The updated language on this page of the mba.com website:
https://www.mba.com/articles-and-announ ... est-optionalso suggests that equal or lower 200-800 composite scores (aka "total scores") on GMAT Online retakes will no longer be hidden from the test-taker's view:
"After your upcoming second attempt, you will have two scores available in your mba.com account. You will now have the opportunity and flexibility to send one or both of your scores to an unlimited number of programs of your choice, at no additional cost."This is welcome news, because an equal or lower composite score on the GMAT Online retake is not necessarily a bad thing, especially if the two scores are close (for example, a 750 and a 730, one with a a high Verbal and the other with a high Quant). There are plenty of hypothetical scenarios where one's composite score could go down or stay the same, yet that person could still have earned a personal-best score in Quant, Verbal, IR or AWA, a score that the test-taker would never be allowed to send to b-schools (or even see!) under the previous policy.
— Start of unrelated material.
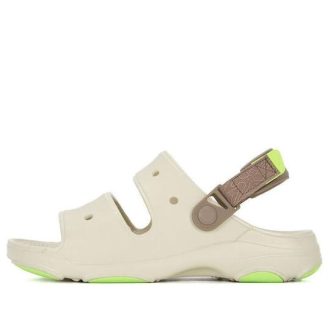 Sandały Crocs Classic All Terrain „Beżowe” 207711-2Y3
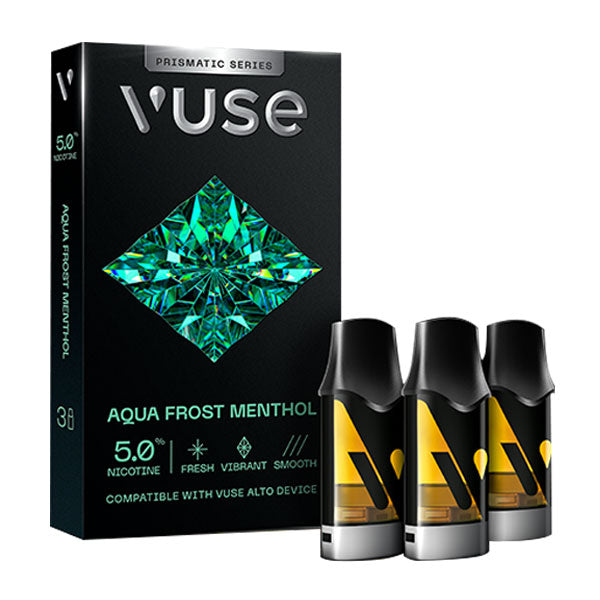 ALTO Pods VUSE Prismatic Series Pod 5ct Box - Premium  from H&S WHOLESALE - Just $92! Shop now at H&S WHOLESALE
Conversely, even seeing one's total score go
up on the retake was occasionally problematic under the previous rules. Some GMAT Online physical whiteboard re-takers had issues where their personal-best Quant, Verbal IR or AWA scores were in fact being overwritten due to a higher composite score on the next exam, which ironically had a negative effect on their "superscore" aka "Frankenstein" GMAT score (in other words, their best scores from all 4 sections put together, which some b-schools do consider, on at least an informal basis).